## Problem description
Restate the whole of the data verbatim, omitting nothing.

## Task data
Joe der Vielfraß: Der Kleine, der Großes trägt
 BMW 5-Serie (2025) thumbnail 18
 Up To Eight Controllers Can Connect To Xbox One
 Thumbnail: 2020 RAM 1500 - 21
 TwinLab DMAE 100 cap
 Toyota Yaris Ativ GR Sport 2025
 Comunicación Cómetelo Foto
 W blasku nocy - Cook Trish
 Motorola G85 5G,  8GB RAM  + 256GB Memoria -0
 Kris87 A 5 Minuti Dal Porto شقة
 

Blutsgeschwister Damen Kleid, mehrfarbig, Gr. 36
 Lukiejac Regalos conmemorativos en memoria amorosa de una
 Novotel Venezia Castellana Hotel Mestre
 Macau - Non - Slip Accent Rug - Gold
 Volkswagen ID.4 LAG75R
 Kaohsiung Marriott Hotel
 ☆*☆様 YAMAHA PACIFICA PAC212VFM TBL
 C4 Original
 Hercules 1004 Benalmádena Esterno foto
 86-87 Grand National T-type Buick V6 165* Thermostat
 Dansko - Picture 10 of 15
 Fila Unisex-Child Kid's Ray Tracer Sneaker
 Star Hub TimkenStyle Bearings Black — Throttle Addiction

## Finished task
Joe der Vielfraß: Der Kleine, der Großes trägt
 BMW 5-Serie (2025) thumbnail 18
 Up To Eight Controllers Can Connect To Xbox One
 Thumbnail: 2020 RAM 1500 - 21
 TwinLab DMAE 100 cap
 Toyota Yaris Ativ GR Sport 2025
 Comunicación Cómetelo Foto
 W blasku nocy - Cook Trish
 Motorola G85 5G,  8GB RAM  + 256GB Memoria -0
 Kris87 A 5 Minuti Dal Porto شقة
 

Blutsgeschwister Damen Kleid, mehrfarbig, Gr. 36
 Lukiejac Regalos conmemorativos en memoria amorosa de una
 Novotel Venezia Castellana Hotel Mestre
 Macau - Non - Slip Accent Rug - Gold
 Volkswagen ID.4 LAG75R
 Kaohsiung Marriott Hotel
 ☆*☆様 YAMAHA PACIFICA PAC212VFM TBL
 C4 Original
 Hercules 1004 Benalmádena Esterno foto
 86-87 Grand National T-type Buick V6 165* Thermostat
 Dansko - Picture 10 of 15
 Fila Unisex-Child Kid's Ray Tracer Sneaker
 Star Hub TimkenStyle Bearings Black — Throttle Addiction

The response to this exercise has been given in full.